[EXERCISE DESCRIPTION]: Every line of the material is to be returned verbatim. Pictures stay out.

[INFORMATION SHOWN]:

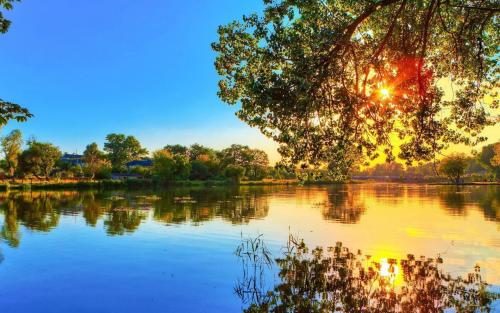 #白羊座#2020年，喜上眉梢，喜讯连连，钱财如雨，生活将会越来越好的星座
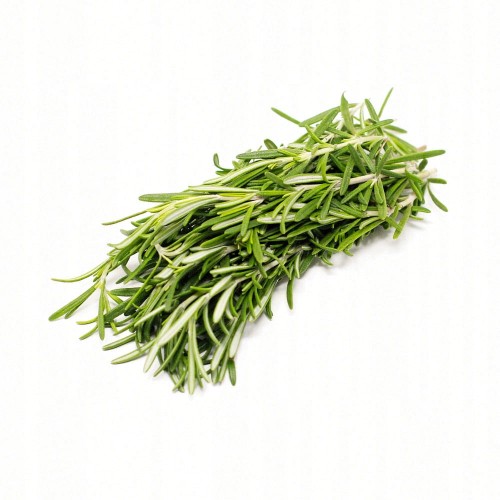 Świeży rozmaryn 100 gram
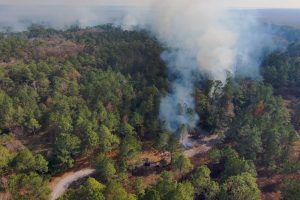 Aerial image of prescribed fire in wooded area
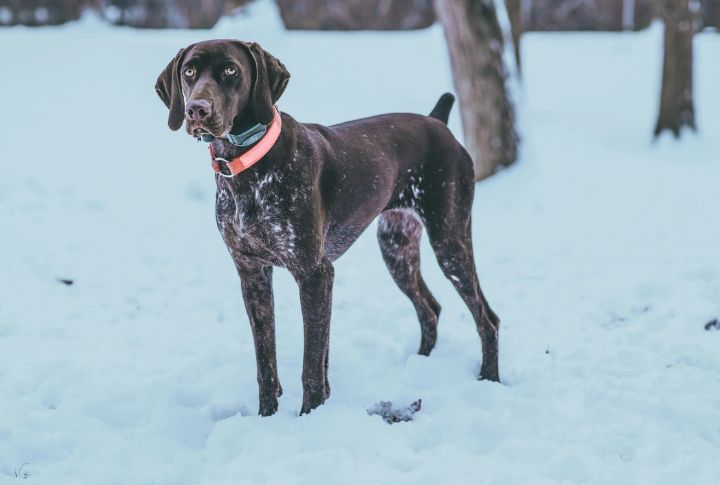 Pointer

[ANSWER FOR THE TASK]:
 #白羊座#2020年，喜上眉梢，喜讯连连，钱财如雨，生活将会越来越好的星座
 Świeży rozmaryn 100 gram
 Aerial image of prescribed fire in wooded area
 Pointer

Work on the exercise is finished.